WAIS governs direct exchange between marine and subglacial ecosystems, effectively controlling distribution patterns and gene flow to populations in SLM. The marine incursion during the Holocene [16] could have resulted in marine taxa being deposited in sediments upstream of SLM. Hence, identical taxa shared among samples from SLM, SLW, and the WGZ site [Fig. S4; e.g., Thiobacillus (ASV_2), Sulfurifustis (ASV_18), and Nitrotoga (ASV_190)] could have a marine source. Conversely, these ASVs may have originated from a subglacial biome that exists in the freshwater hydrological system beneath WAIS. The latter possibility, together with the isolated nature of the contemporary subglacial environment, raises fundamental questions about the origin of subglacial microbial populations, their evolutionary relationships to species in sediments from other subglacial regions, and the scale of the microbial reservoir beneath the ice sheet. Microbial concentrations in sediment units II to IV ranged from 0.04 to 1.5 × 106 cells g−1, and assuming a subglacial aquifer depth of 1 km [57] and sediment density of 2 g cm−3, we estimate that sediments under the Antarctic ice sheet (1.0 × 107 km2; [58]) contain from 0.08 to 3 × 1028 cells. While these values are 10- to 500-fold lower than prior estimates [58], they nevertheless imply that the number of microbes in Antarctica’s subglacial aquifer may exceed that for all freshwater ecosystems globally by more than an order of magnitude [58, 59].

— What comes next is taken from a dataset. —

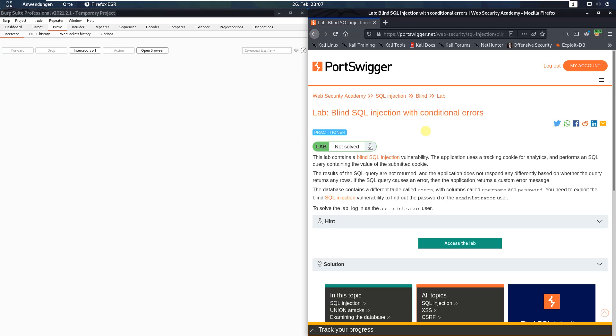Hi guys, we will solve the lab blind SQL injection with conditional errors. The level of this lab is practitioner and the goal is to log in as the administrator user.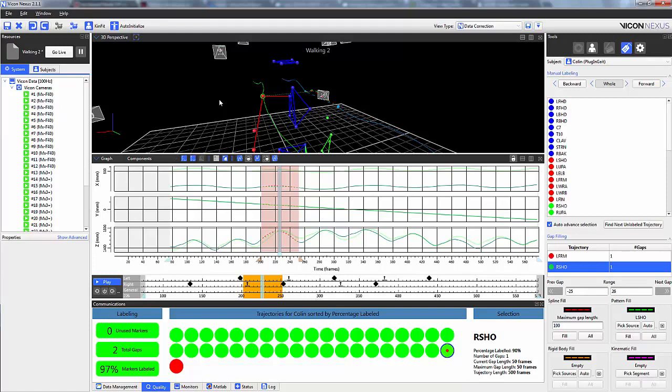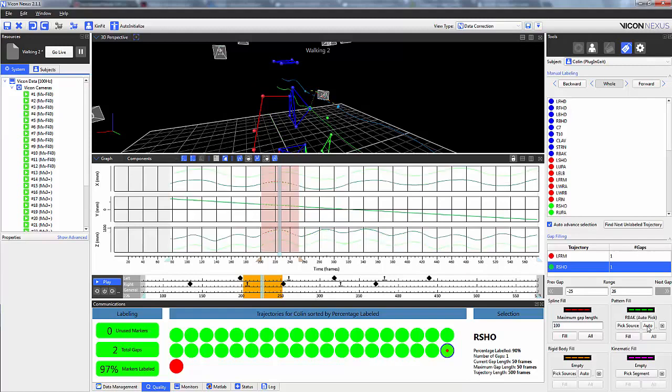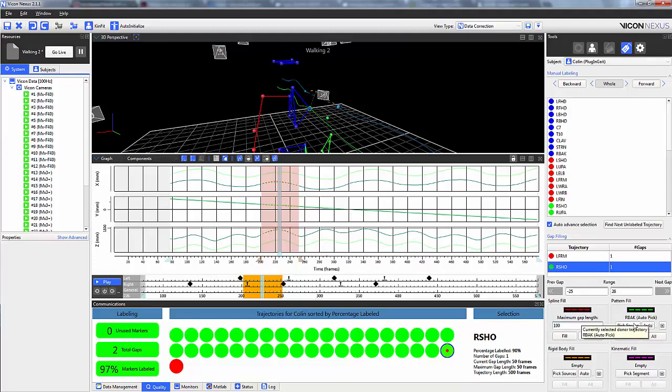The same color scheme applies for the rigid body fill and the kinematic fill. If I press the auto button, we can see that the algorithm chooses the right back marker, and this better represents the movement of the missing right shoulder marker.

We found that the modern microbial sediment community of SLM (i.e., unit I) has a structure and composition similar to that in SLW (Fig. 5). Nearly half of ASVs (46%) identified in SLW sediments were also present in SLM (Fig. S4), and closely related taxa observed in the lakes are phylogenetically distinct from those found in marine sediments at the WGZ (Fig. 5b–e). Based on these results, we hypothesize that the distribution and evolutionary relationships of microorganisms in SLM and SLW are linked via dispersal through the subglacial hydrological system beneath WAIS. Testing this hypothesis will require implementing molecular evolutionary and population genetic approaches that target loci with phylogenetic resolutions superior to the 16S rRNA gene. If microbes in the SLM and SLW ecosystems originated from upglacial sources that inoculated the lakes, then it is possible these populations could have been isolated beneath Antarctic ice for millions of years [19, 60]. Accordingly, the sediment community of SLM may be one component of an extensive subglacial metacommunity beneath WAIS that is hydrologically, biogeochemically, and evolutionary linked through ice sheet behavior and the subglacial transport of microbes, water, and sediments.